This article was inspired by Sue Marquette Poremba who published a very similar article in Security News Daily in June 2012.

For most of us, the email messages we send wouldn’t be classified as sensitive. They can be personal, yes, and once in a while you’ll want to make sure the content of a message is kept confidential between sender and receiver.

But sometimes, sending sensitive information — social security numbers, passwords or credit-card numbers, for instance — via email is necessary. At such points, consider sending an encrypted email message.

Standard email messages are sent in plain text, so it’s possible for someone else to snoop on you and read them. When you encrypt mail, on the other hand, it makes the messages completely unreadable to anyone who doesn’t possess a decryption key.

“It’s like locking a message in a safe, then shipping that safe,” said Terence Spies, chief technology officer of Voltage Security, an enterprise-security company in Cupertino, Calif. “If you trust the safe, you no longer need to trust the people moving it.”

Methods of encryption

PGP (Pretty Good Privacy) is the most common e-mail encryption standard.

PGP uses a public and private key pair.  Your public key is what you send to people who want to send you encrypted emails, and your private key is what you use to decrypt them.  Public-key certificates are great because neither you nor the intended recipient of your encrypted email need to exchange secret information beforehand.

Historically, when you wanted to send secret information to someone, you’d first need to agree on some kind of cipher or password and exchange that with them in some very secure manner.
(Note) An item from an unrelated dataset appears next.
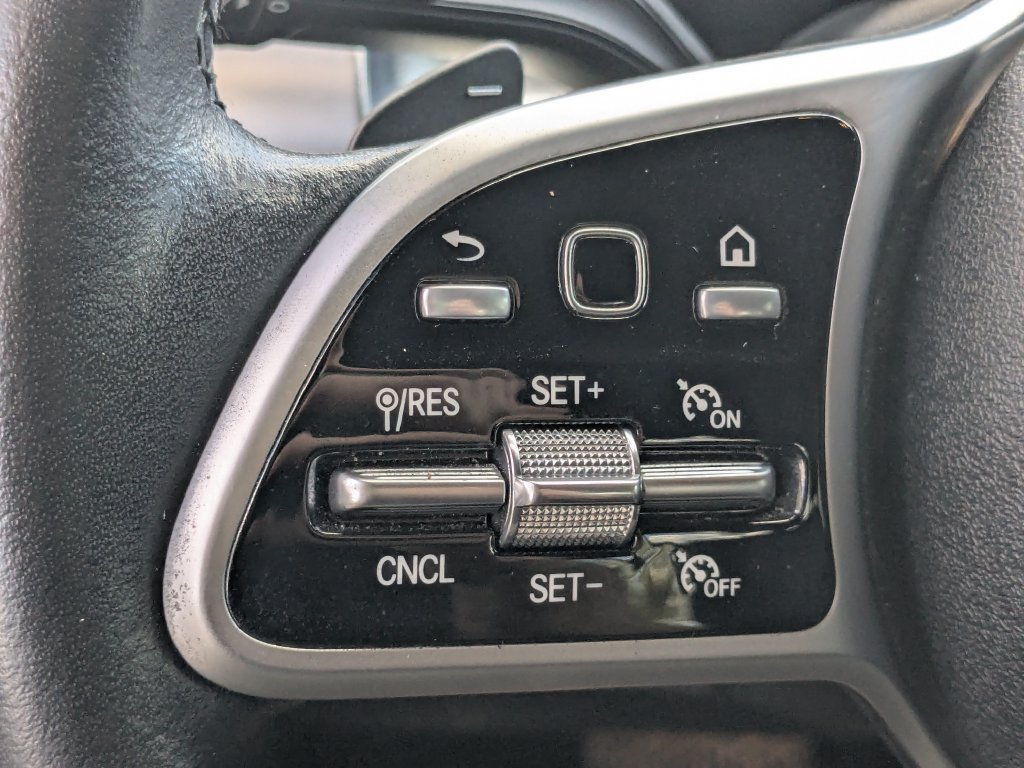 Certified 2021 Mercedes-Benz GLB 250 4MATIC image 11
Using certificates, I can send part of my key to everyone, and you can encrypt whatever you want to send me with that part of my key.

Potential pitfalls

In most scenarios, the person receiving the email will have to PGP software installed on their computer so that they can use the sender’s public key to ‘unlock’ the email.

Sending email through a webmail service like Gmail is secure in that your computer’s connection to the service is encrypted, but the email message you send out from that service is not encrypted.  Mailvelope is an excellent PGP plugin for webmail, including Gmail.

Email offered by online providers is usually not encrypted when it’s stored. Without encrypting your email, an employee, support vendor and black-hat hackers might be able to read your personal messages.

Please consider using PGP email encryption as a way to keep data private. We routinely use email as an efficient way to exchange high-value documents. It is a good, prudent way to avoid being bitten by many of the data security problems that are so prominent these days.